Extracted data »
■ ■ ■
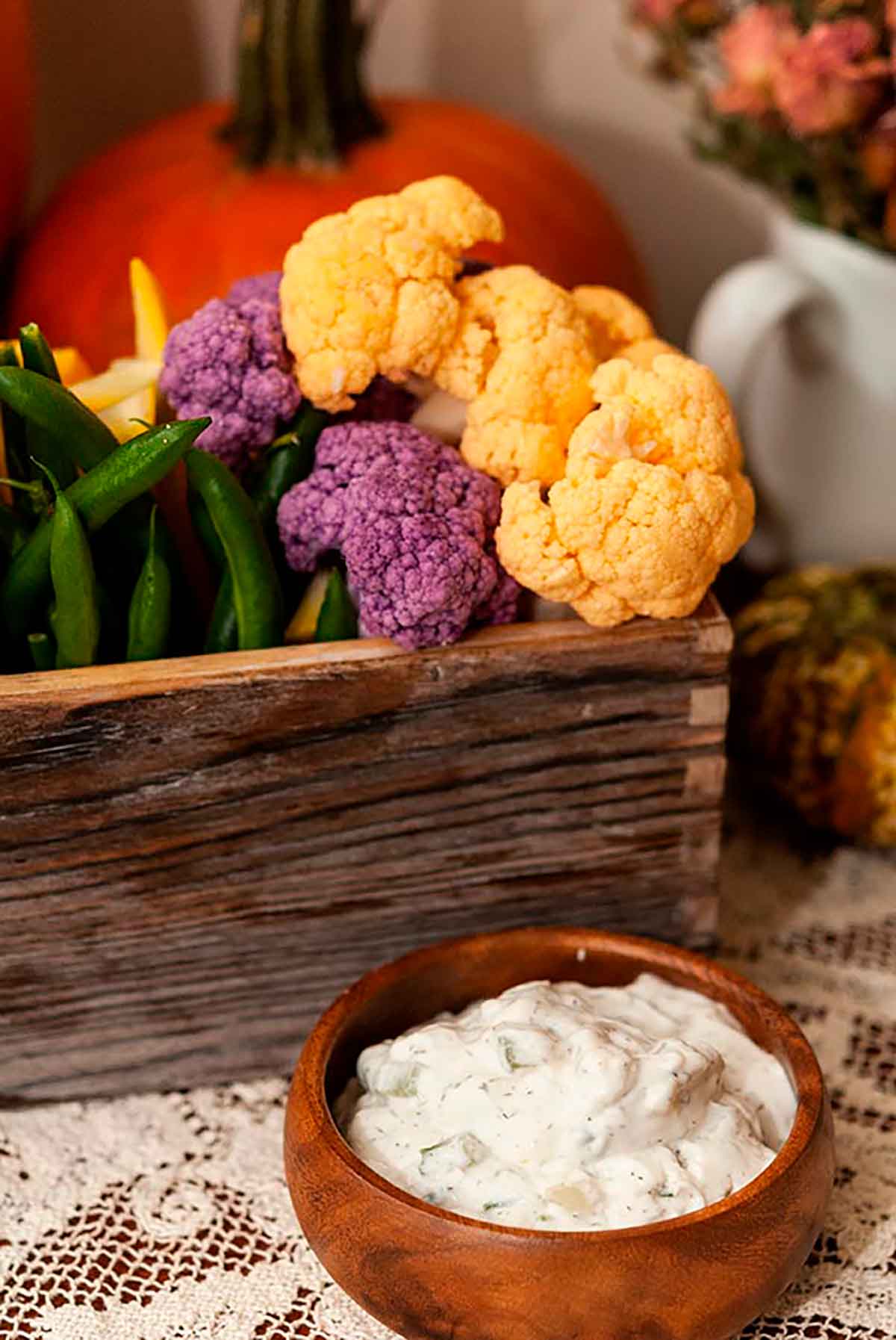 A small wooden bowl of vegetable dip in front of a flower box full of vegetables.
■ ■ ■
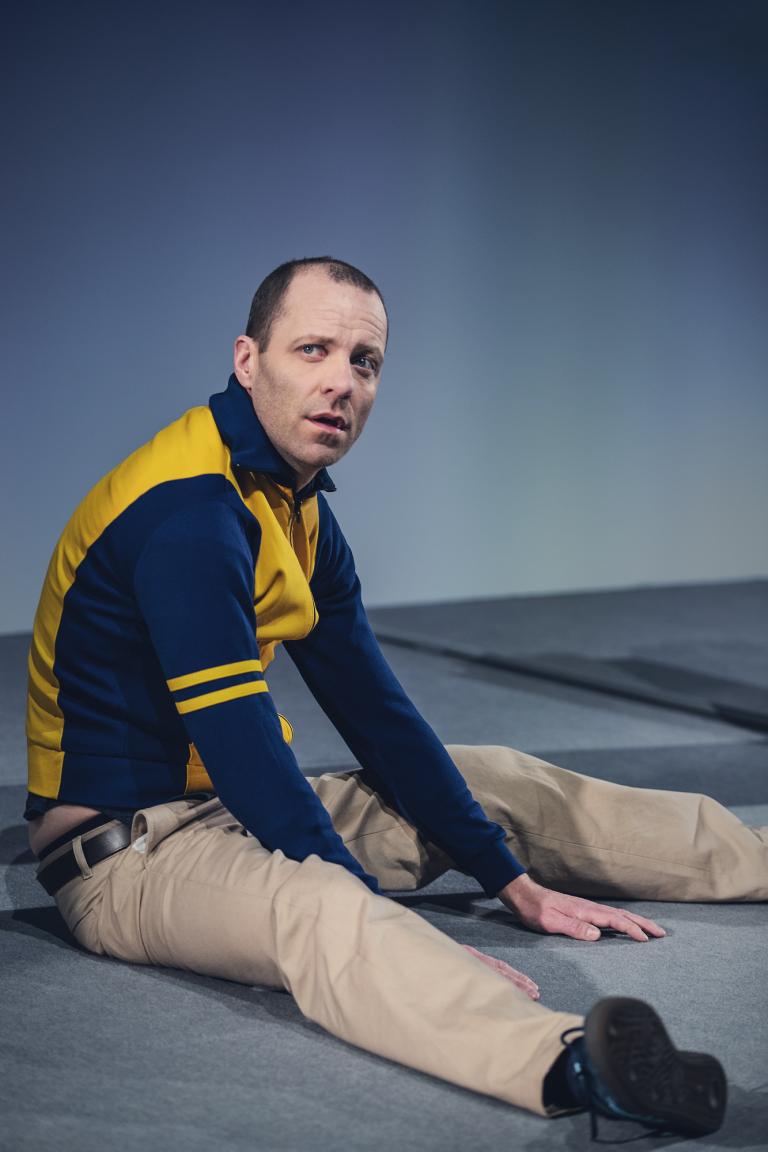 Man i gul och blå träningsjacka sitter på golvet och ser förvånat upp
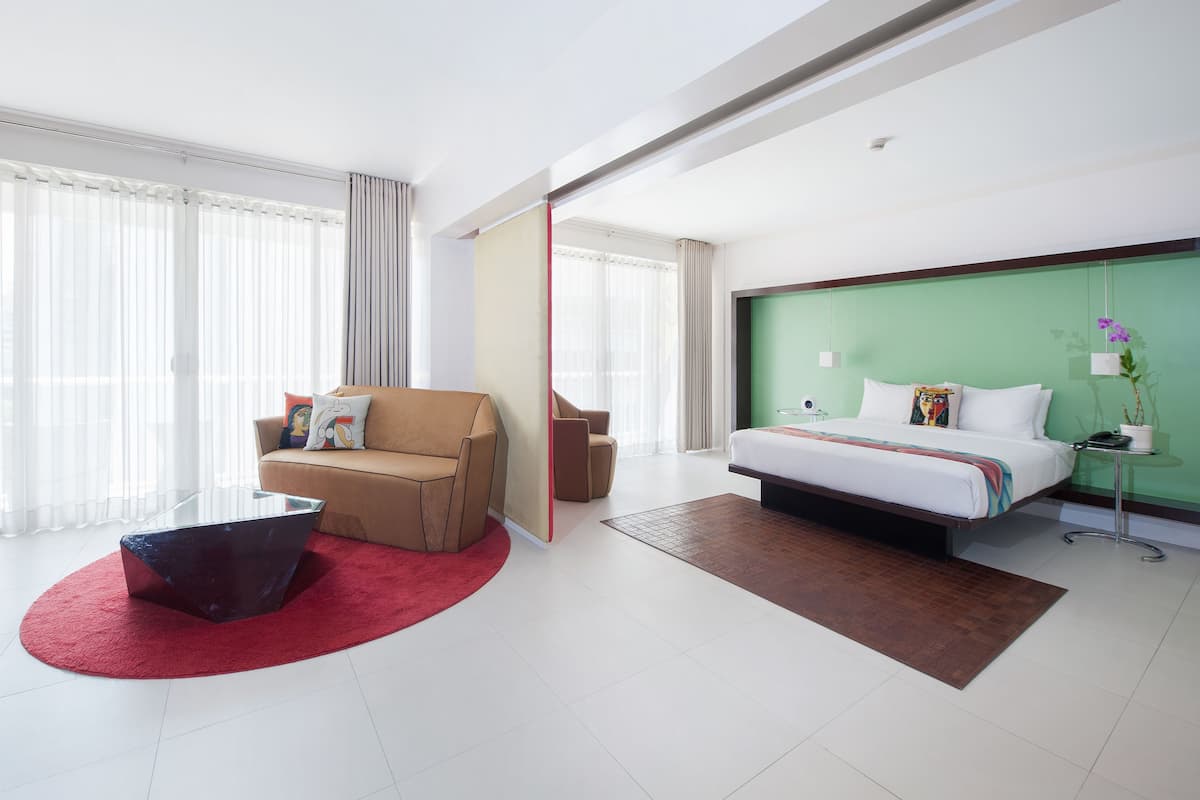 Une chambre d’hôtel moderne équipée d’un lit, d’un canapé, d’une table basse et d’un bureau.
■ ■ ■
Work to be completed »
Set the pictures aside and transcribe exactly the stretch of lines above, beginning with the one holding "Man i gul och" and ending with the one holding "Une chambre d’hôtel".

Answer for the task »
 Man i gul och blå träningsjacka sitter på golvet och ser förvånat upp
 Une chambre d’hôtel moderne équipée d’un lit, d’un canapé, d’une table basse et d’un bureau.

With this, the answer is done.